Short web captions
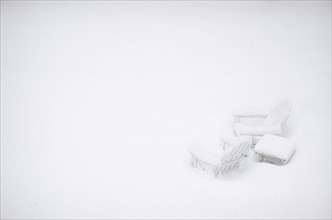 Outdoor chairs and table covered with snow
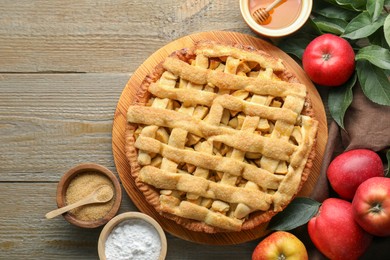 Photo of Flat lay composition with tasty homemade apple pie and ingredients on wooden table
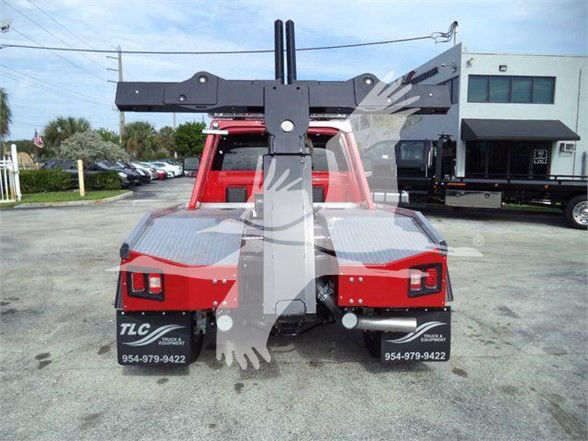 Rear view of a red Ram 4500 tow truck with a heavy-duty rear hitch/winch assembly and boom, license plate area branding, and TLC Global logo on mud flaps.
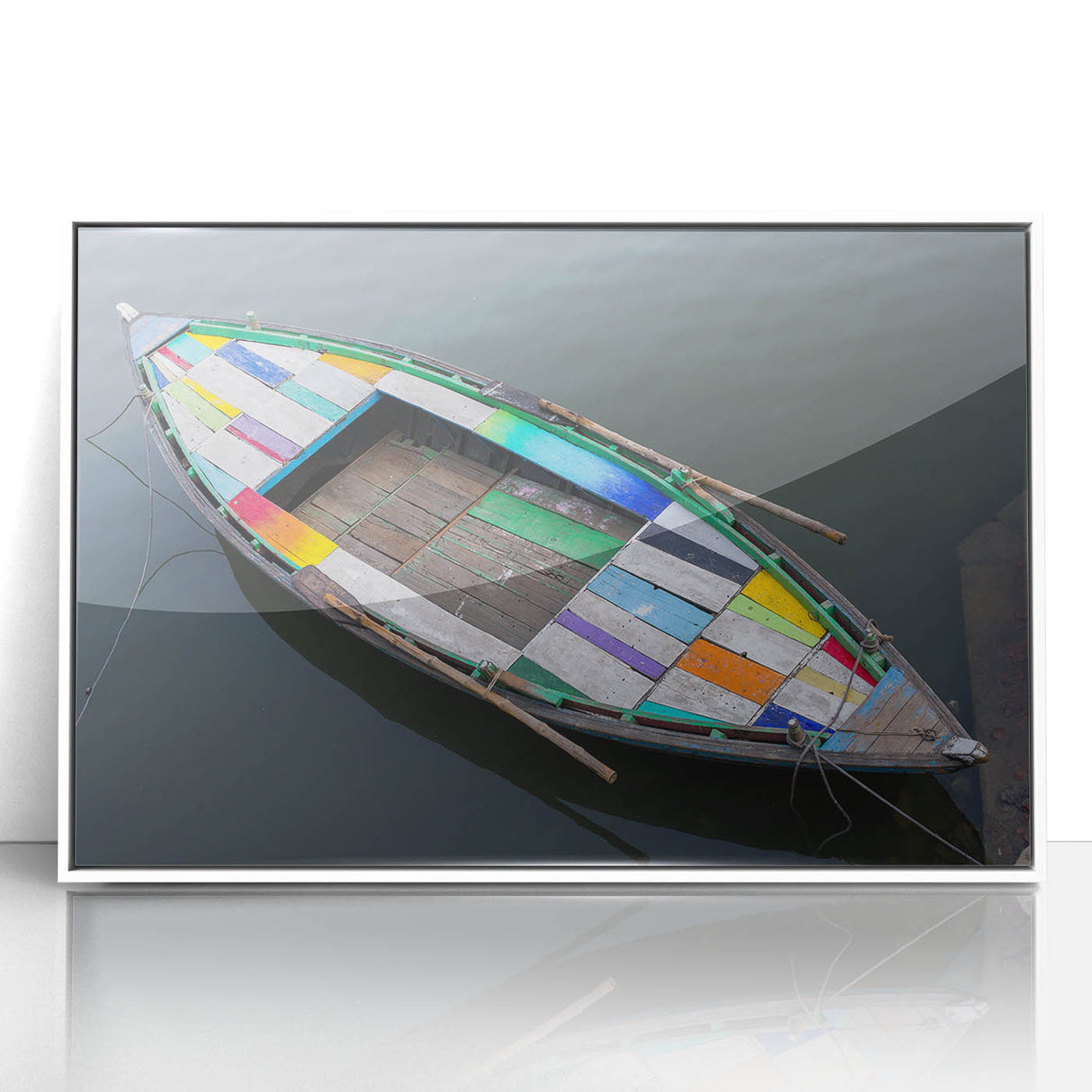 Art deco poster of an Indian scenery in muted earth tones on a white acrylic framed print.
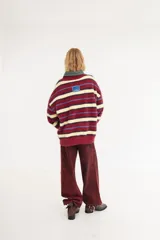 Sweater de textura peluda con diseño de rayas horizontales en tonos bordó, amarillo y azul. Presenta un corte holgado, cuello redondo y un pequeño logo bordado en el centro del pecho.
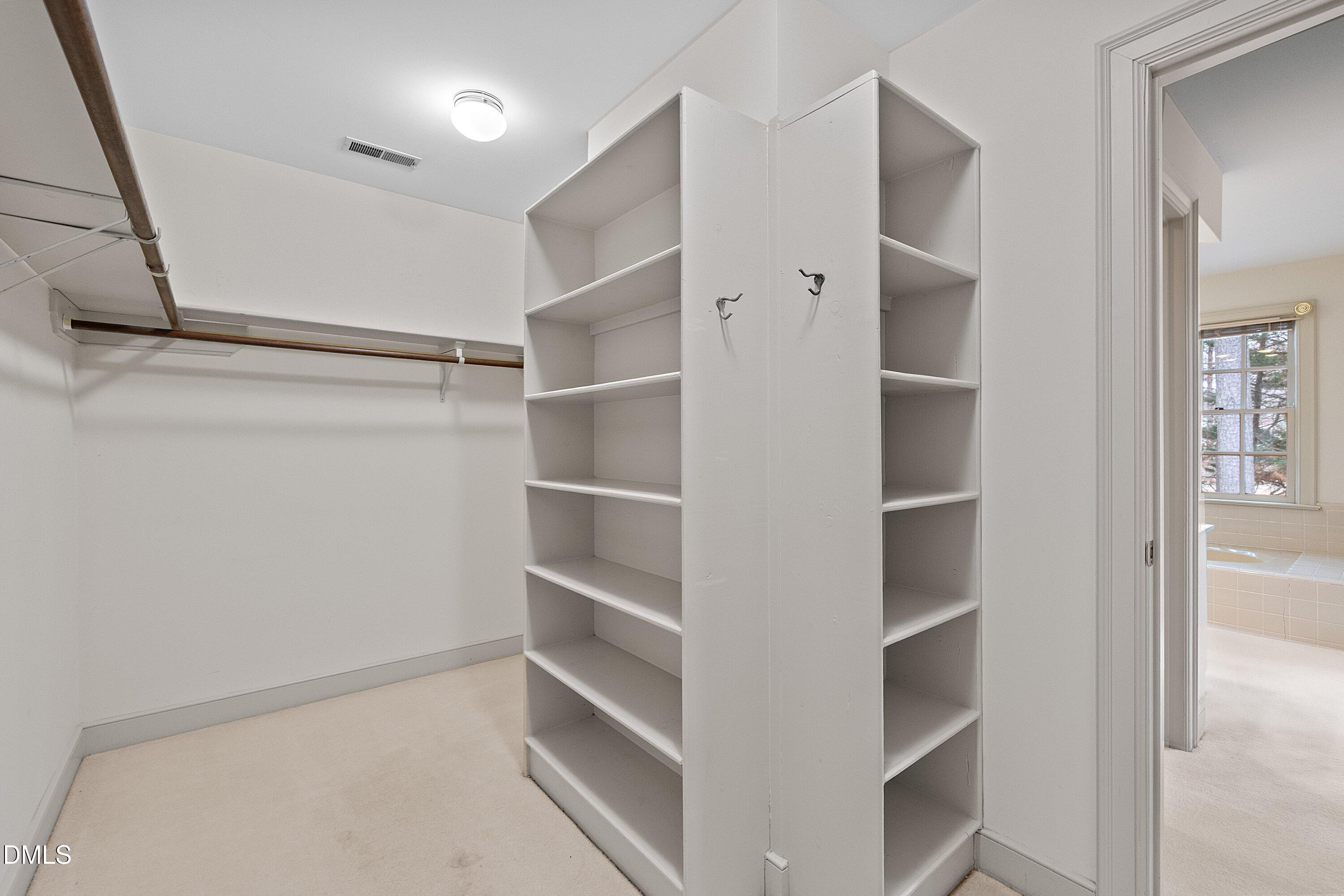 1708 Sawgrass Court Raleigh, NC 27615 - Photo 40 of 60 a view of walk in closet with empty racks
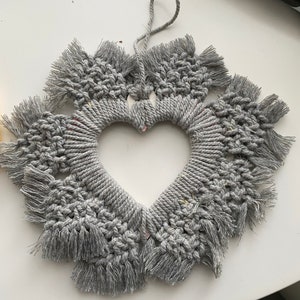 Może przedstawiać: Szary wiszący makramowy w kształcie serca z frędzlami.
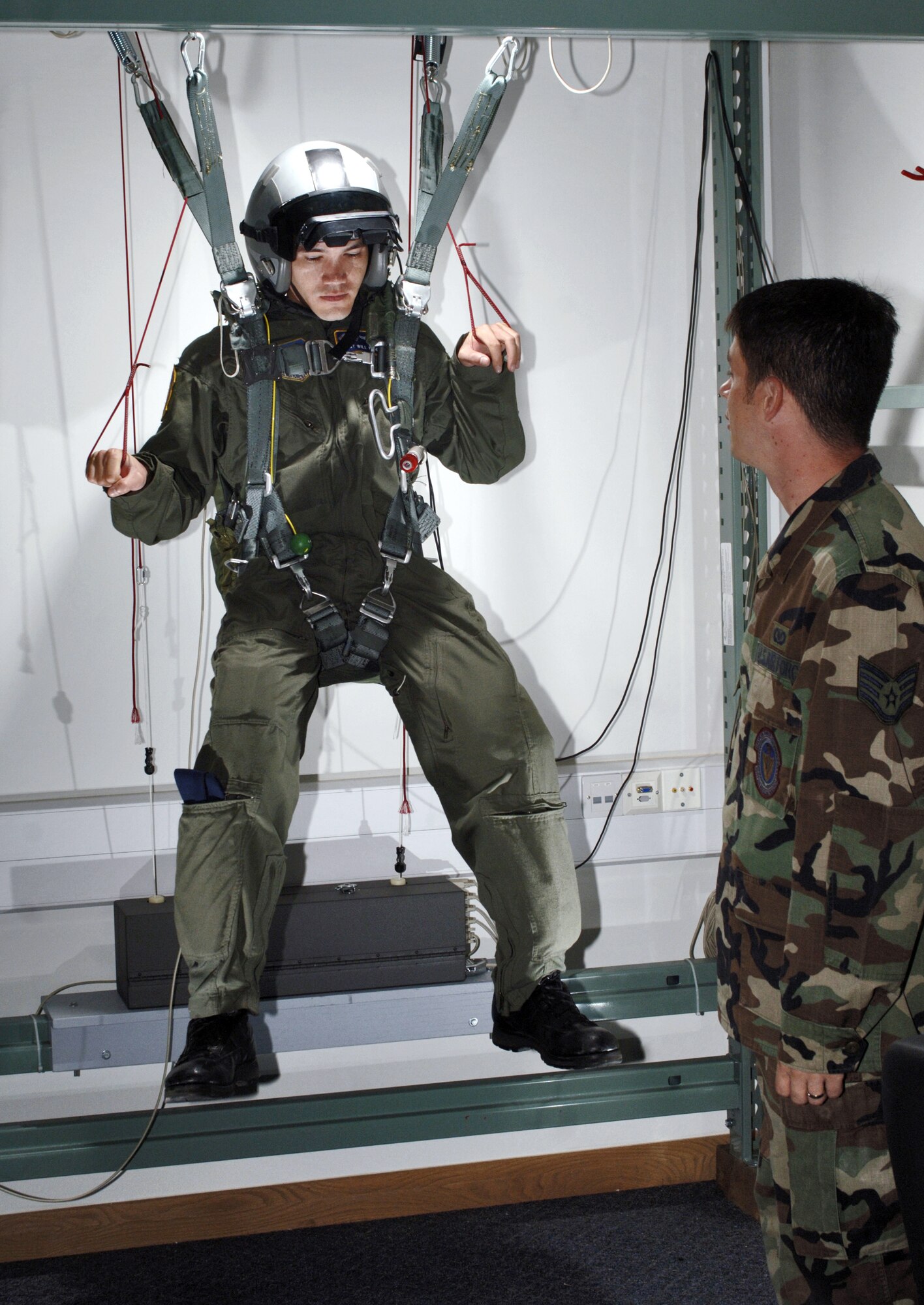 Staff Sgt. Will Perdew practices his parachute control with instruction from Staff Sgt.Alan Pratt during a training session in the life support facility at Royal Air Force Mildenhall, England, on Thursday, Aug. 3.  Sergeant Pratt is an aircrew life support specialist with the 100th Operations Support Squadron.  Sergeant Perdew is a KC-135 Stratotanker boom operator with the 351st Air Refueling Squadron.  (U.S. Air Force photo/Master Sgt. Lance Cheung)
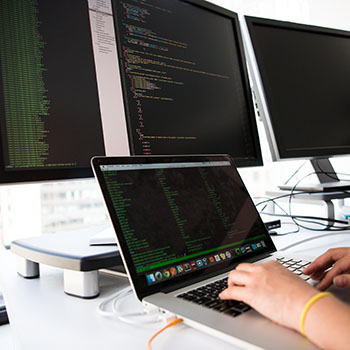 Developer with open editor in terminal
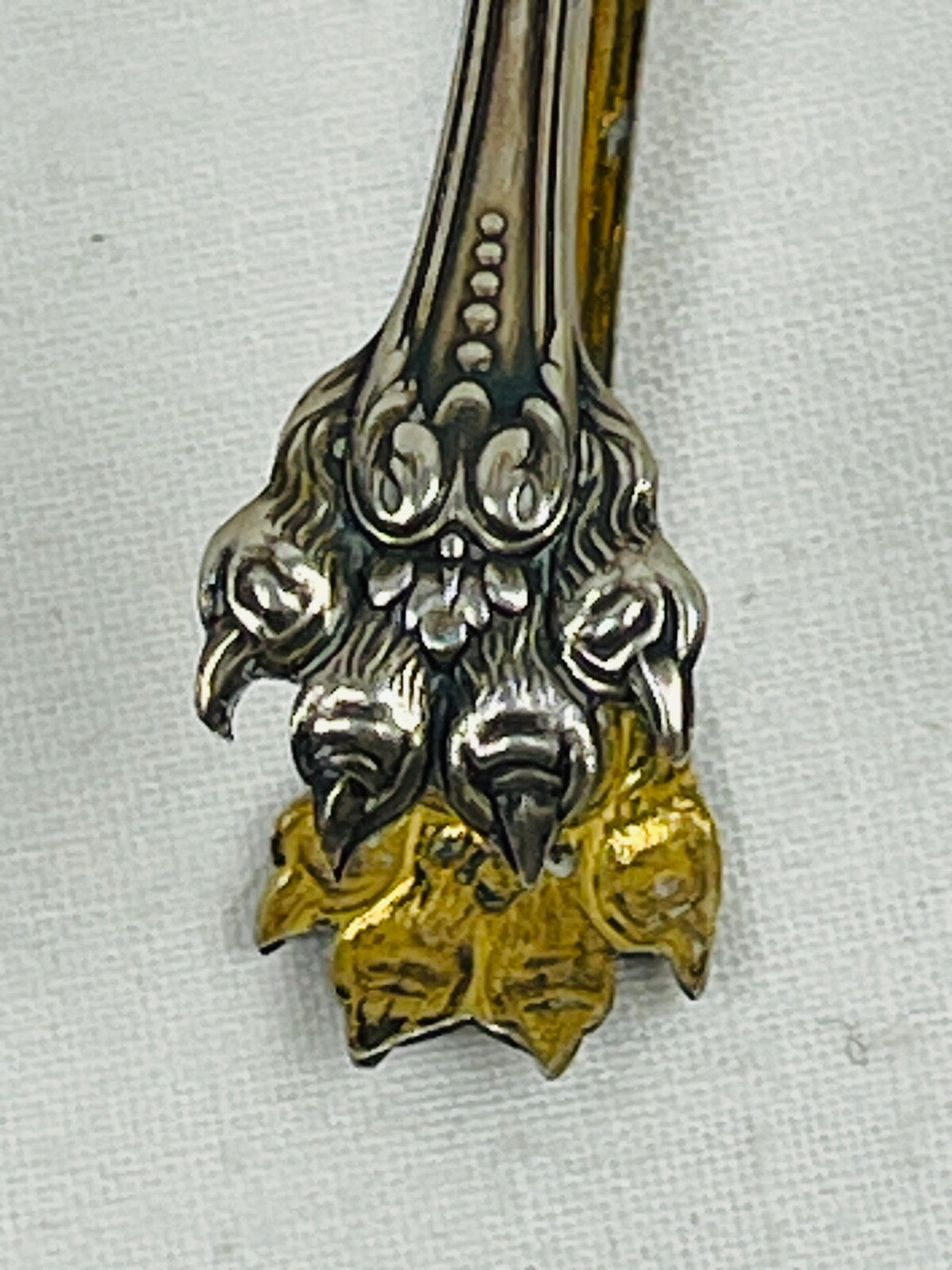 Belle pince à sucre argent massif et vermeil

**EXERCISE OBJECTIVE**
Reproduce the entries above word for word. Pictures stay out.

**RESULT OF THIS EXERCISE**
 Outdoor chairs and table covered with snow
 Photo of Flat lay composition with tasty homemade apple pie and ingredients on wooden table
 Rear view of a red Ram 4500 tow truck with a heavy-duty rear hitch/winch assembly and boom, license plate area branding, and TLC Global logo on mud flaps.
 Art deco poster of an Indian scenery in muted earth tones on a white acrylic framed print.
 Sweater de textura peluda con diseño de rayas horizontales en tonos bordó, amarillo y azul. Presenta un corte holgado, cuello redondo y un pequeño logo bordado en el centro del pecho.
 1708 Sawgrass Court Raleigh, NC 27615 - Photo 40 of 60 a view of walk in closet with empty racks
 Może przedstawiać: Szary wiszący makramowy w kształcie serca z frędzlami.
 Staff Sgt. Will Perdew practices his parachute control with instruction from Staff Sgt.Alan Pratt during a training session in the life support facility at Royal Air Force Mildenhall, England, on Thursday, Aug. 3.  Sergeant Pratt is an aircrew life support specialist with the 100th Operations Support Squadron.  Sergeant Perdew is a KC-135 Stratotanker boom operator with the 351st Air Refueling Squadron.  (U.S. Air Force photo/Master Sgt. Lance Cheung)
 Developer with open editor in terminal
 Belle pince à sucre argent massif et vermeil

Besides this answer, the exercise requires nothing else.